Have you ever worked on a quality project where a team member—or maybe you—had a hunch that seemed to be true, one that felt so right that it seemed silly to even verify? Here's a good example of why you should always look at the data before you reach a conclusion.
I recently performed a data analysis on statistics that showed that NFL home teams were winning more often on Thursday nights than the average NFL home team. They were winning by a larger margin, too. However, neither of these differences were statistically significant.
The problem might have been that our sample size was too small. So I’ve collected data on Thursday games going back to 1970 to see whether we can find a statistical difference.
Home teams win 57% of the time in the NFL. We previously saw that since 2006, home teams that played on Thursday night won 63%. What happens to that average when we include every Thursday game played since 1970?
The proportion of games won by the home team drops to 58.9%, which is much closer to the average of all NFL home teams. The p-value is .364, which is not low enough to conclude that this is significantly higher than 57%. When we increased the sample size, we see that Thursday home teams are winning just about the same amount as everybody else. But what about their margin of victory?
Margin of Victory
Home teams win by an average of 2.5 points in the NFL. The previous statistics showed the Thursday home teams were winning by 4.24 points. Will that margin stay the same when we increase the sample size?
The average margin of victory dropped to 3 points. The p-value is greater than 0.05, so we cannot conclude that the average of 3 points is statistically greater than 2.5.
Does Era Matter?
There is one last thing we can look at. I increased the sample size by taking games dating back to the 70s and 80s. But the game was a lot slower and less physical back then.

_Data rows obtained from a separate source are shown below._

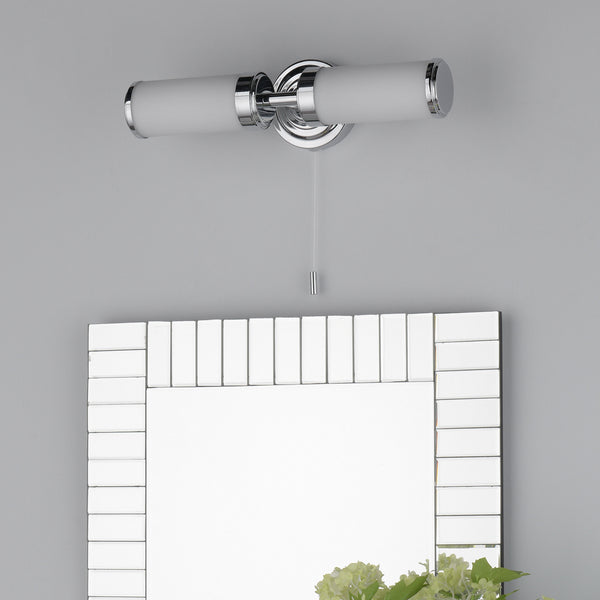 Chrome bathroom light with two frosted glass shades and a pull cord switch above a mirror.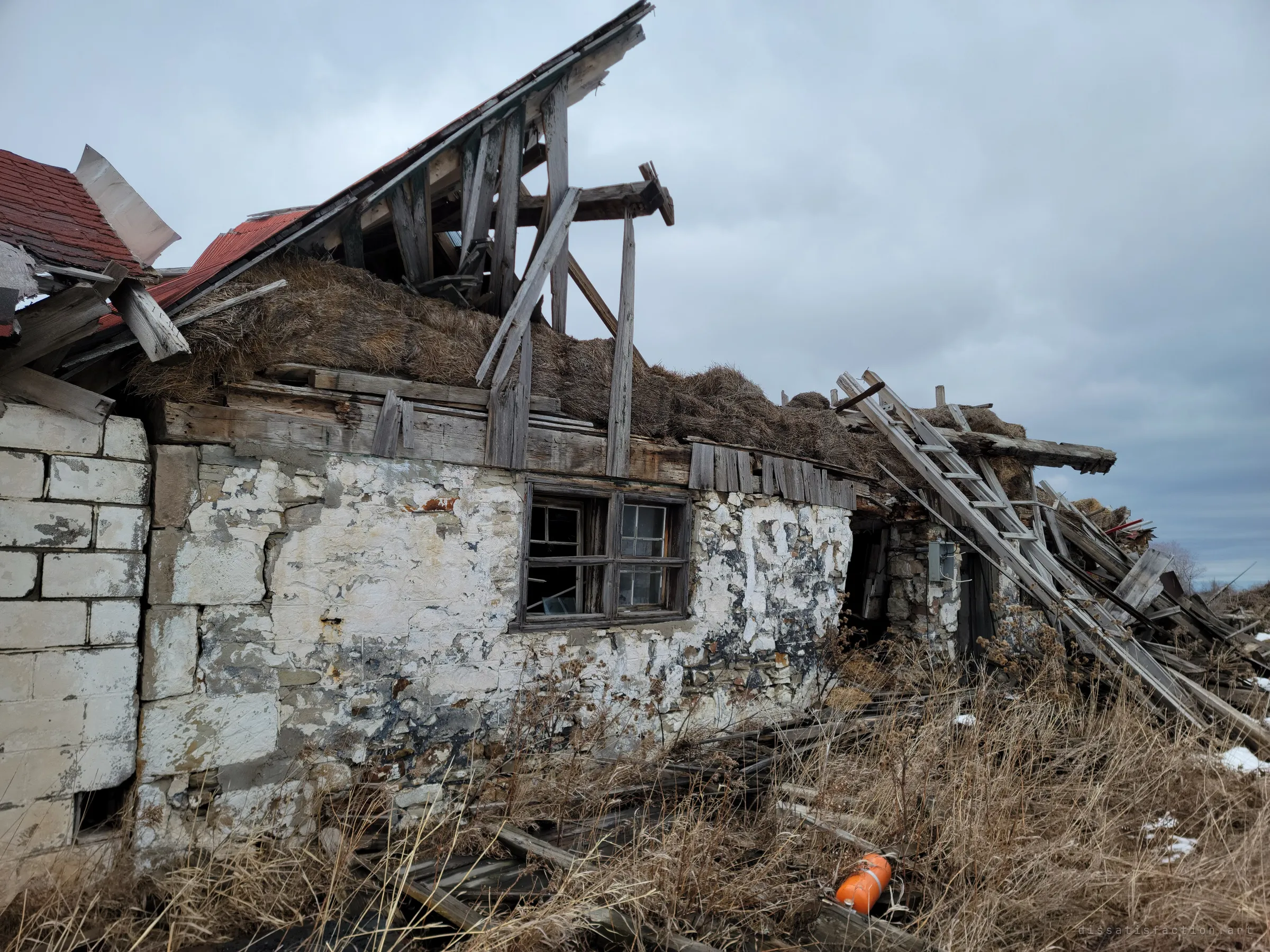 The stone wall of the collapsed barn, flaking whitewash and an old multi-pane window below a roof of exposed rafters and hay, with a ladder leaning into the wreckage. An orange tank lies in the grass.
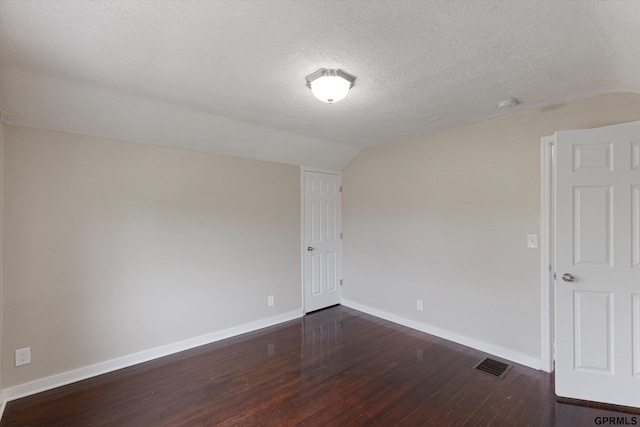 3013 Decatur St, Omaha, NE 68111 - unfurnished room with lofted ceiling, dark wood finished floors, baseboards, a textured ceiling, and a smoke detector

Perhaps in the 70s, players weren’t as beat up after a game, and thus having to travel on a short week and play Thursday didn’t put the away team at as much of a disadvantage as it seems to today. I broke the data down into categories of 5 years, and made time series plots to see if there is any kind of a trend throughout the eras.

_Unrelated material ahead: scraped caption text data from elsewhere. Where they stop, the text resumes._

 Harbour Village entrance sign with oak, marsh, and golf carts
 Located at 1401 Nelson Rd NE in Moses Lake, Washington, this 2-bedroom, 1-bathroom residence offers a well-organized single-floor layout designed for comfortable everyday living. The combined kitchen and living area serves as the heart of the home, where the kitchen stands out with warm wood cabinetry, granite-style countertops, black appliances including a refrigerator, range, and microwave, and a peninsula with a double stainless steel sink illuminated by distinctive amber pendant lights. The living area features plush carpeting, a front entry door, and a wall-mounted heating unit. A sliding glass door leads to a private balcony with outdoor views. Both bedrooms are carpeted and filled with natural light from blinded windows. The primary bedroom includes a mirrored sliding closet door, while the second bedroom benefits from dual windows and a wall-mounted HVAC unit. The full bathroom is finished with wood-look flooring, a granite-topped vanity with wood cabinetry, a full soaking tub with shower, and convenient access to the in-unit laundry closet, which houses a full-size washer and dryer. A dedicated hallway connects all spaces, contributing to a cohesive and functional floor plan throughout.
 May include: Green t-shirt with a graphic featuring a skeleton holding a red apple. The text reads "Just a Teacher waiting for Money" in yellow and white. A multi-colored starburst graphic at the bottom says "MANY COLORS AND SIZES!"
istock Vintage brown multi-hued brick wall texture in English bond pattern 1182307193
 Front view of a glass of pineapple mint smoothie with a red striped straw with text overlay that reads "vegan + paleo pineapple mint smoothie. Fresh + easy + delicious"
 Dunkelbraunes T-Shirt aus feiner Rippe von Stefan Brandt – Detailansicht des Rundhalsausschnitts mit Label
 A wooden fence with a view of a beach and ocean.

Neither plot shows any trends in the winning percentage or margin of victory of home teams playing on Thursday. In fact, the largest values of each occurred from 1980 to 1984.
So increasing the sample size made the statistics for home teams playing on Thursday look just like the statistics for Sunday. It appears that home teams aren’t getting any greater home field advantage. Perhaps when the NFL goes to a 32-game schedule and plays a game every day of the week (I’m only half joking), we’ll be able to find a situation where the home team has a greater home field advantage. But until then, the home field advantage appears to be the same no matter what day of the week it is.
This provides a good example of why practitioners should use statistics to see if their hunches, based on two means in this case, are anything to write home about. Whenever you think you “see” something that appears to go against the norm, make sure you have some data analysis to back up your claim!